Jak Eric Comrie wrócił do Winnipeg i odzyskał posadę rezerwowego bramkarza Jetsa

WINNIPEG — Eric Comrie opuścił Winnipeg Jets dwa sezony temu w poszukiwaniu okazji — siatki startowej w idealnym świecie lub części czasu, jeśli nie mógł sobie z tym poradzić.

Rozdarty MCL, naciągnięta pachwina i zaledwie 29 meczów NHL później można śmiało powiedzieć, że nie wszystko ułożyło się tak, jak chciał Comrie. Jego dwuletnie przesłuchanie w Buffalo miało zapewnić mu większą rolę. Zamiast tego, gdy 1 lipca Comrie odebrał telefon od swojego agenta w trakcie treningu, chodziło mu o walkę o pracę rezerwową w Winnipeg – miejscu, w którym rozegrał najlepszy hokej w swojej karierze.

W piątek Comrie rozmawiał z Sportowiec na krótko przed ogłoszeniem, że Kolorado odebrał Kaapo Kahkonenowi zwolnienia, skutecznie gwarantując Comrie rolę rezerwowego, w której wyróżniał się przed podpisaniem kontraktu z Sabres.

„Nadal jest to praca, na którą muszę zarabiać każdego dnia” – powiedział Comrie. „Muszę mieć pewność, że każdego dnia na to pracuję. To, że mam go teraz, nie oznacza, że ​​automatycznie go zatrzymam. Musisz osiągać sukcesy i osiągać sukcesy każdego dnia i każdego dnia dbać o to, aby zdobyć to miejsce.

Odejście Kahkonena pozostawia Jets z wyraźnym numerem 1 – Connorem Hellebuyckiem – i Comrie na stanowisku nr 2. Jets mogą zostać zmuszeni do kolejnego ruchu, być może dodania bramkarza, który odizoluje młodzież 21-letniego Thomasa Milica i 20-letniego Domenica DiVincentiisa z AHL. Myślę, że Winnipeg wolałoby zatrudnić doświadczonego bramkarza AHL, który wspierałby Milica, co dałoby DiVincentiisowi szansę na dużą liczbę startów w barwach ECHL Norfolk.

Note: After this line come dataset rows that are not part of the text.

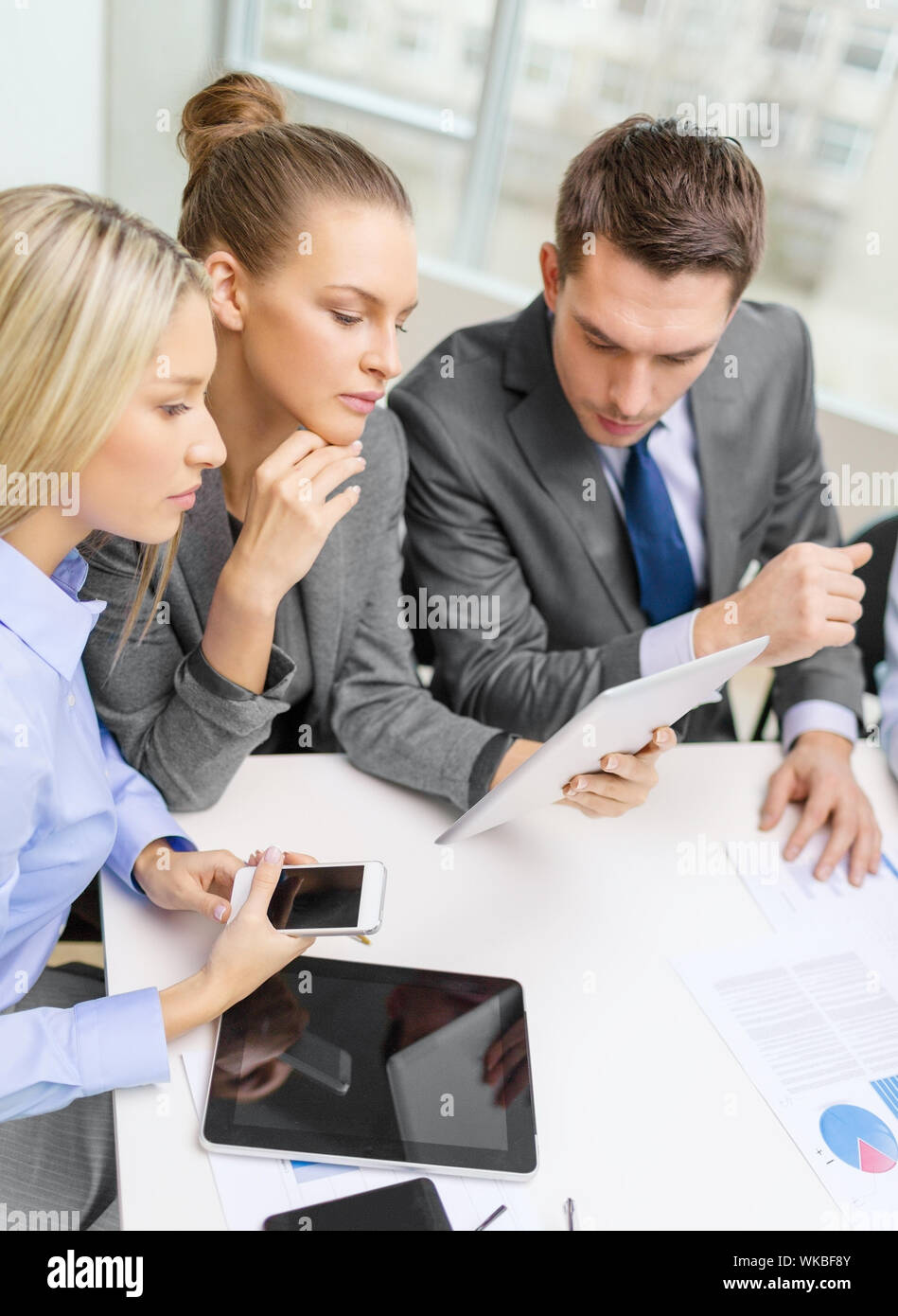 business team with tablet pc having discussion Stock Photo
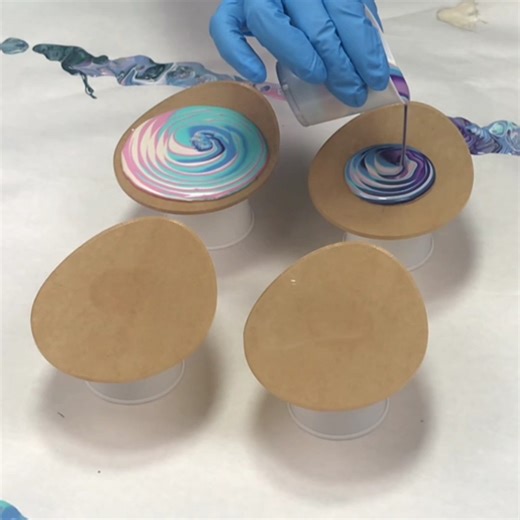 Here's an acrylic pour on some clear acrylic egg-shaped coasters from Artist Till Death. I used Mixed Media Girl Pouring Paints for the pour and Mixed Media Girl Artist Resin to seal them. | Mixed Media Girl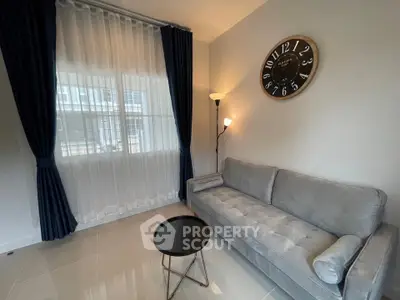 Cozy living room with modern gray sofa and stylish clock on the wall.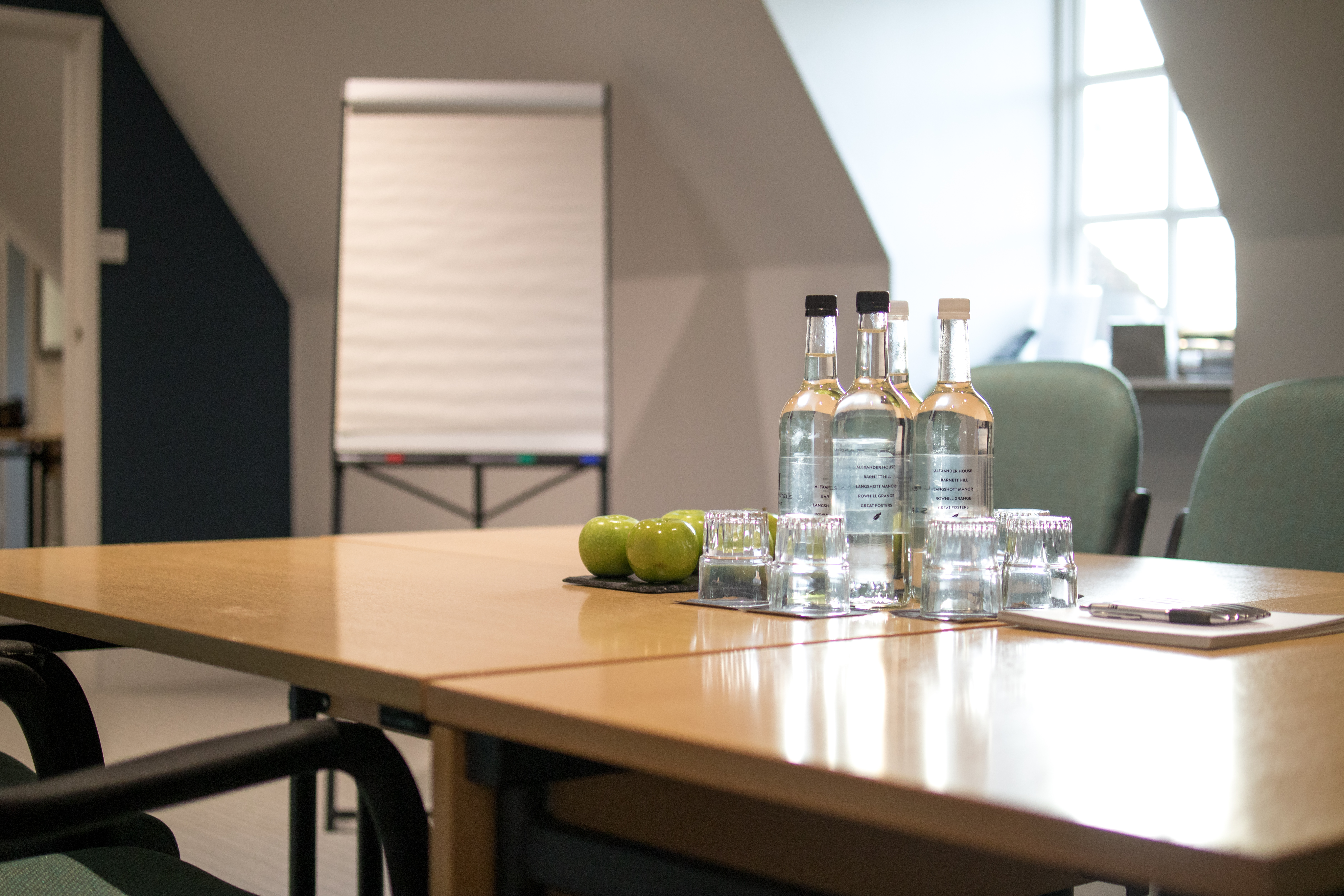Albury meeting space at Barnett Hill Hotel with clean table setup and flip chart.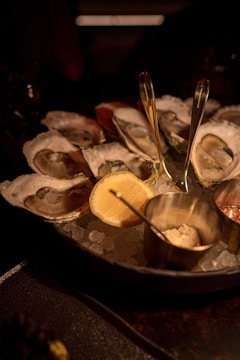 A plate of fresh oysters served on a bed of ice, accompanied by lemon wedges and small metal containers with condiments. The scene is dimly lit, giving it a warm, intimate dining atmosphere.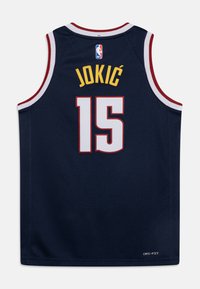 Marinblå baskettröja med röda accenter. Har namnet "JOKIĆ" och nummer "15" i vitt och gult. Tillverkad av fuktavvisande tyg.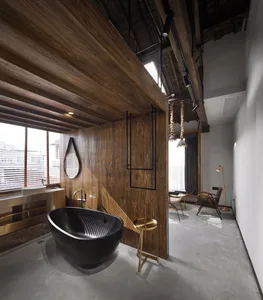 Modern industrial bathroom featuring a freestanding marble bathtub, wooden ceiling beams, and metallic accents.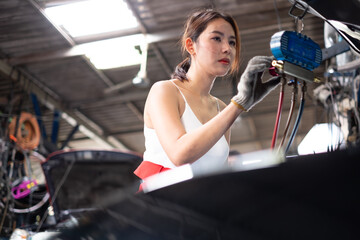 Female Mechanic Working Under Vehicle in a Car Service. Empowering Woman Wearing Gloves and Using a...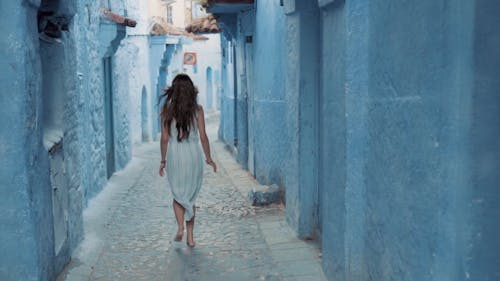 Woman Running on the Cozy Streets of Chefchaouen City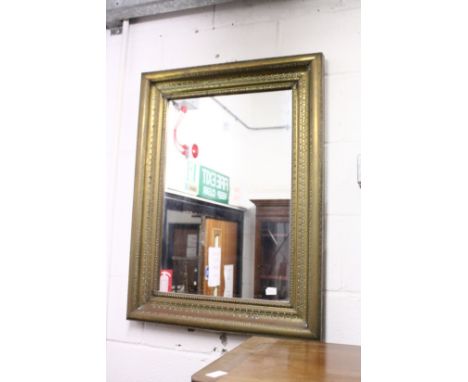 A wall mirror with embossed brass frame.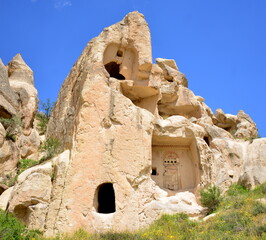 Turkiye, Goreme, positioned between the rock formations called fairy chimneys, between valleys and...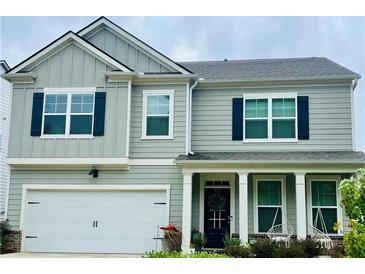 Two-story house with gray siding, black shutters, and a white front door at 339 Garnet Dr, Acworth, GA 30101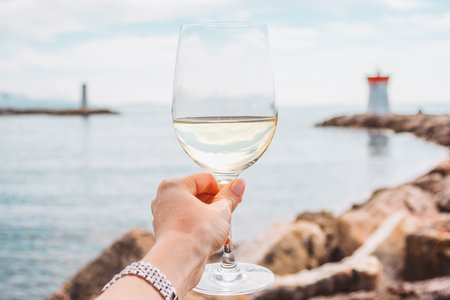Woman hand with white wine glass on a sea, stones and lighthouse background. Nice, French rivieraの写真素材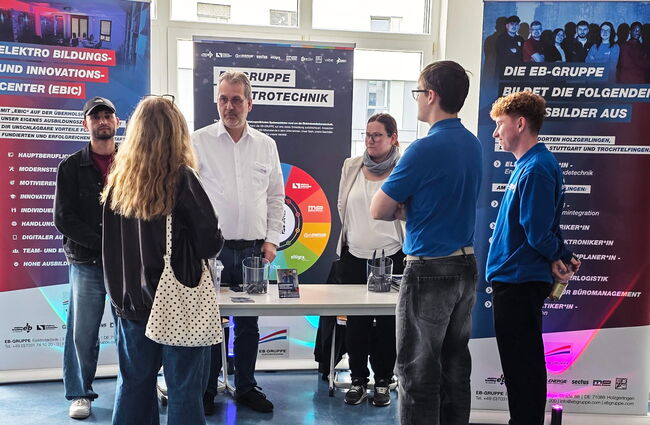 Eine Gruppe von Personen diskutiert am Stand der EB-Gruppe über Ausbildungs- und Karrieremöglichkeiten in der Elektrotechnik.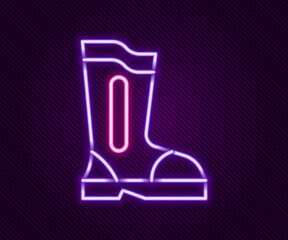 Glowing neon line Fire boots icon isolated on black background. Colorful outline concept. Vector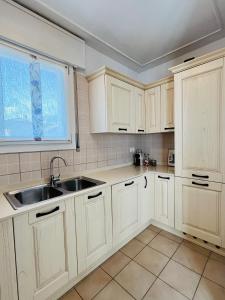 a kitchen with white cabinets and a sink at La casa di Teo in Cappella Maggiore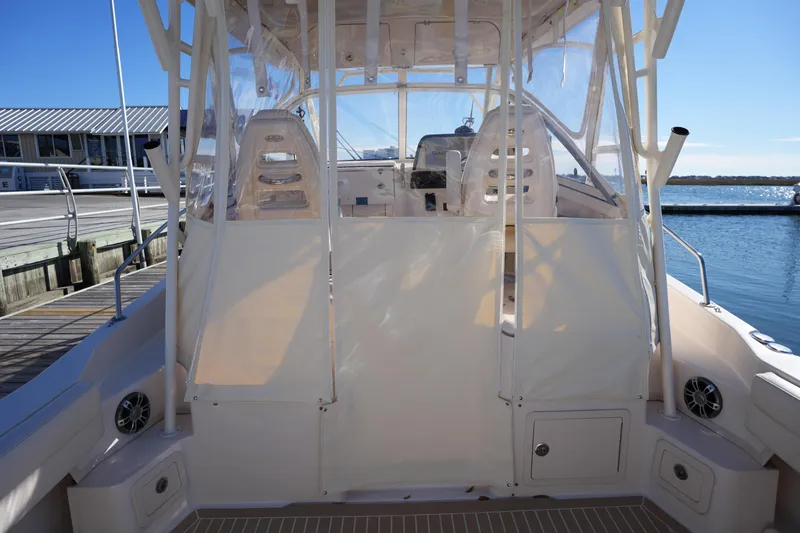Slide: The Image of 2023 Grady-White Marlin 300 boat interior with clear enclosure, dockside view. - 27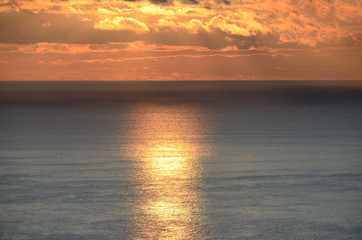Fototapeta premium Sunrise and Sunny path on the sea. Colorful view of the sea and sky with clouds.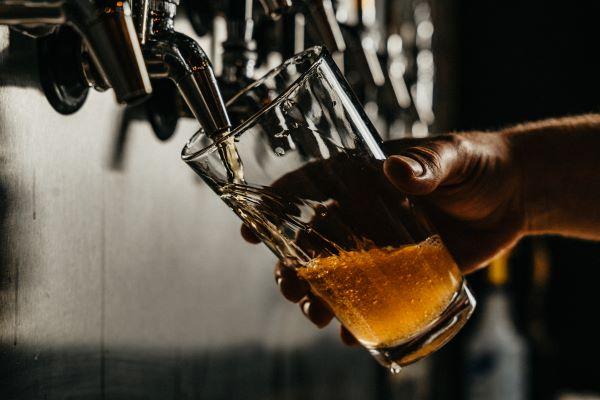 A glass being filled with beer from a spigot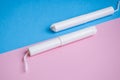 Hygienic tampons on a blue and pink background. copy space, Menstruation sanitary tampon for woman hygiene protection. Critical Royalty Free Stock Photo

Comrie rozegrał 214 meczów w lidze AHL, w tym cztery w zeszłym sezonie, i wielu obserwatorów wybrało go jako dziwnego człowieka, który wypadł z siatki Jets na początku obozu przygotowawczego. Chociaż Comrie jest liderem wszechczasów Manitoby pod względem rozegranych meczów (203) i zwycięstw (86), Kahkonen rozegrał więcej meczów NHL niż Comrie, notując lepszy procent oszczędności w 139 startach. Kahkonen rozegrał także więcej minut przedsezonowych niż Comrie, chociaż kiedy nadszedł czas wyboru rezerwowego na mecz nr 1 przeciwko Edmonton, Jets wybrali Comrie do tej roli.

Comrie mówi, że z zadowoleniem przyjął walkę o pracę.

„Konkurencja wydobywa z ciebie to, co najlepsze” – powiedział Comrie. „Nie chcesz, żeby po prostu coś Ci dano. Chcesz zarobić na wszystko w życiu. Myślę, że to dobry sposób, aby spojrzeć na pewne rzeczy. Przychodząc tutaj z trzema chłopakami, myślę, że chcesz wyjść i dać z siebie wszystko każdego dnia. To cię napędza. To sprawia, że ​​jesteś lepszy. To motywuje zarówno indywidualnie, jak i jako zespół, więc myślę, że to była dobra rzecz.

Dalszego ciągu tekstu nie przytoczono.